- Cover to Defenders #34

Publication information
- Publisher: Marvel Comics
- First appearance: Defenders #13 (May 1974)
- Created by: Len Wein and Sal Buscema

In-story information
- Species: Ul'lula'n
- Team affiliations: Former leader of the Celestial Mind Control Movement
- Notable aliases: The Celestial Man, Mr. Nebul, Dorma

= Nebulon (comics) =

Nebulon is a fictional character appearing in American comic books published by Marvel Comics.
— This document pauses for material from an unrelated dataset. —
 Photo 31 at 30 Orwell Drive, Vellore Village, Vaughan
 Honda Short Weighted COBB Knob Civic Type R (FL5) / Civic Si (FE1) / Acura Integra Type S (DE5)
==Fictional character biography==
Nebulon is an Ul'lula'n, an aquatic alien with six tentacles and fins. He is one of a number of Ul'lula'ns dispatched to find worlds with mineral resources that they had depleted on their own home-world of Ul'ula. Nebulon disguises himself as a humanoid in an attempt to blend with Earth's human population. Nebulon encounters Hyperion of the Squadron Sinister, who had been trapped in outer space, and rescues him. Hyperion helps Hyperion gather the other Squadron Sinister members to build a laser cannon that will melt the polar ice caps and flood Earth, making it habitable to the Ul'lula'ns. Nighthawk, a former Squadron Sinister member, contacts the Defenders, who travel to the North Pole and battle the Squadron Sinister. Nighthawk turns Nebulon's cannon against him, causing him to seemingly implode.

In reality, Nebulon retreats to another dimension called Zaar, inhabited by the Ludberdites. Nebulon adopts the Ludberdites' philosophy of improving the lives of "lesser" beings, and returns to Earth to save its people from themselves. In the guise of "Mr. Nebul," he plots to drain people of their free will. The Defenders and the Headmen convince Nebulon of the futility of his goal, and Doctor Strange persuades him to leave Earth.

When the Ul'lula'n government learns of Nebulon's activities, he is tried and convicted of treason. Nebulon is stripped of his power, trapped in his humanoid form, and exiled to Earth. Nebulon's wife, Supernalia, learns of his dishonor and travels to Earth to convince him to do the right thing. Nebulon is planning to use his technology to siphon power from the Avengers and restore his powers. Supernalia convinces the Defenders to help her, and the Defenders and Avengers are manipulated into fighting each other. Supernalia realizes that her own actions violate their people's ethics and throws herself into the energy-draining ray; Nebulon tries to save her, but falls into the ray himself, with both him and Supernalia being killed.

Years after his death, Nebulon is revealed to have been sent to Hell, where he meets the demons Mog'rys and Borss. The two demons return Nebulon to Earth, where he takes control of the Train, a massive engine that pulls planets into its orbit. However, Doctor Strange disrupts Nebulon's control, causing the Train to shift course slightly and miss Earth.

==Powers and abilities==
Nebulon is an alien who possesses superhuman strength, durability, and reflexes. He has the ability to manipulate energy to use it for various effects, such as creating spheres, shields, or bolts of energy, teleportation anywhere on the surface of a planet or between dimensions, and shape-shifting. Nebulon's powers are dependent on biospheric energy generated by planets. If he is deprived of contact with a planetary biosphere long enough, his power level is reduced to that of a human.